Travel agents earn commissions on each airplane ticket, hotel reservation, auto rental, or vacation that they book. These commissions are paid to the travel agent by transportation or lodging provider. The travel agency business model involves receiving a fee for facilitating a transaction. The value added by a travel agent is that of information consolidation and filtering. A good travel agent knows many things about the traveller’s destination and knows enough about the traveller to select the information elements that will be useful and valuable to the traveller.

In addition to earning commissions from the transportation and lodging providers, these sites generate advertising revenue from ads placed on travel information pages. These ads are similar to those on search engine results pages because advertisers can target them without obtaining demographic detail about the site visitor.

Stages of Development Models

Value-purpose Evaluation (Ho, 1997)

Ho (1997) proposes a general framework to evaluate Web sites from a customer’s perspective of value added. A global study of commercial sites, conducted in May through September, provides a snapshot of the development of this new medium for business in 1996. First, representative samples in North America (US and Canada) from 40 industries, totalling 1000 sites, are evaluated. The results are presented and discussed by industry. Next, 8 other localities worldwide are considered: Australia, France, Germany, Hong Kong, Italy, Singapore, Taiwan, and United Kingdom. A sample of 100 sites from 20 industries is studied for each locality. Ho (1997) study of business use of the Web utilised a 3 X 4 dimensional matrix model (Table 2). The business purposes of a commercial Web site are classified into three categories (promotion of product and services, provision of data and information, and processing of business transactions) and four types of value creation (timely, custom, logistic and sensational).

internet-banking-commerce-Framework-Evaluation

Table 2: Framework for Evaluation

Features were simply classified by their primary function into one of the twelve purpose-value categories. For compatible sites, it was possible to compare how well they do in the same category. In the hotel/resorts industry, web pages were found to be little more than modest travel brochures. Apart from travel tips and destination guides, provisional value was rather scanty. On-line reservation and availability checking seemed to be emerging and may be the key to future development (Zafiropoulos, Vrana and Paschaloudis, 2005).

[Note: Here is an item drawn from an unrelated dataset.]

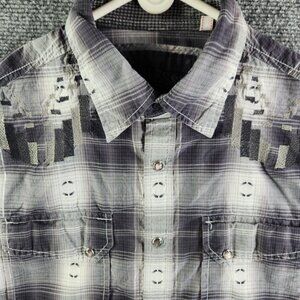 Guess Small Pearl Snap Up Gray Plaid Embroidered Western Pockets Men Adult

Model of Internet Commerce Adoption (MICA) (Burgess and Cooper, 1999)

Model of Internet Commerce Adoption (MICA) proposes that in developing commercial Web sites, organisations typically start simply by establishing a ‘presence’ on the Web and build on functionality over time as the level of technical skill/expertise in the use of Internet technologies increases. In addition, as Web sites build on complexity, so will the number of the modules incorporated into the site increase. MICA was developed to explain how business’s Web sites develop to incorporate aspects of Internet Commerce. MICA consists of three layered stages and incorporates the three levels of business process of Ho (1997) Model that covers promotion, provision and processing. This model is similar to the classification applied by Chang, Arnett, Capella and Beatty (1997). The stages of development also incorporate some of the attributes of the APT Model (1997). The APT Strategies (1997) research found that the organisations they studied were using their Web Site for multiple business applications. Evidence of at six business models was found and further, that an average of 2.7 of these models were selected by each organisation.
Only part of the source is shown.